(Saved data entries)

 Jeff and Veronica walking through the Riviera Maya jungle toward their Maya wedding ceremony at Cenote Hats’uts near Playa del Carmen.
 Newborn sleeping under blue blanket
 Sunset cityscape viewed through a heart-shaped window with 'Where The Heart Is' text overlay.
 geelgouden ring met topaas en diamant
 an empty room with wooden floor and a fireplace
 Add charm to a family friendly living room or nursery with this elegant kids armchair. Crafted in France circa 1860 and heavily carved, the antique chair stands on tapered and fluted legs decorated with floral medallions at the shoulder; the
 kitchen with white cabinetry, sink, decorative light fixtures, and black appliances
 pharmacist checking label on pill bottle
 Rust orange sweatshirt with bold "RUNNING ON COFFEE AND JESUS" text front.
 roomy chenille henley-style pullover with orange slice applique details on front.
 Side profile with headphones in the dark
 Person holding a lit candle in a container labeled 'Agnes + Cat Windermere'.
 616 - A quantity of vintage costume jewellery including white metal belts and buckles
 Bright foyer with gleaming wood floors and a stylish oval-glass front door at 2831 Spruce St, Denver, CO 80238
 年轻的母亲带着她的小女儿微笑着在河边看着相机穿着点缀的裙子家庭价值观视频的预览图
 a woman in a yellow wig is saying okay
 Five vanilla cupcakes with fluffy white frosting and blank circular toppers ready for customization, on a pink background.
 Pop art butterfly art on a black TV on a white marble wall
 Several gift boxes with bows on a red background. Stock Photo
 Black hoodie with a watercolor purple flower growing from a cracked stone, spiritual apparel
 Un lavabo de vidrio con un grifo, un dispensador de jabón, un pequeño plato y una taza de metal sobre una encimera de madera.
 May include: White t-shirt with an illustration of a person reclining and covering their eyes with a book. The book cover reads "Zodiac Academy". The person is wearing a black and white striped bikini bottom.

ACTIVITY — Your task is to copy every line in the entries that holds the string "their".

YOUR RESPONSE —
 Jeff and Veronica walking through the Riviera Maya jungle toward their Maya wedding ceremony at Cenote Hats’uts near Playa del Carmen.
 May include: White t-shirt with an illustration of a person reclining and covering their eyes with a book. The book cover reads "Zodiac Academy". The person is wearing a black and white striped bikini bottom.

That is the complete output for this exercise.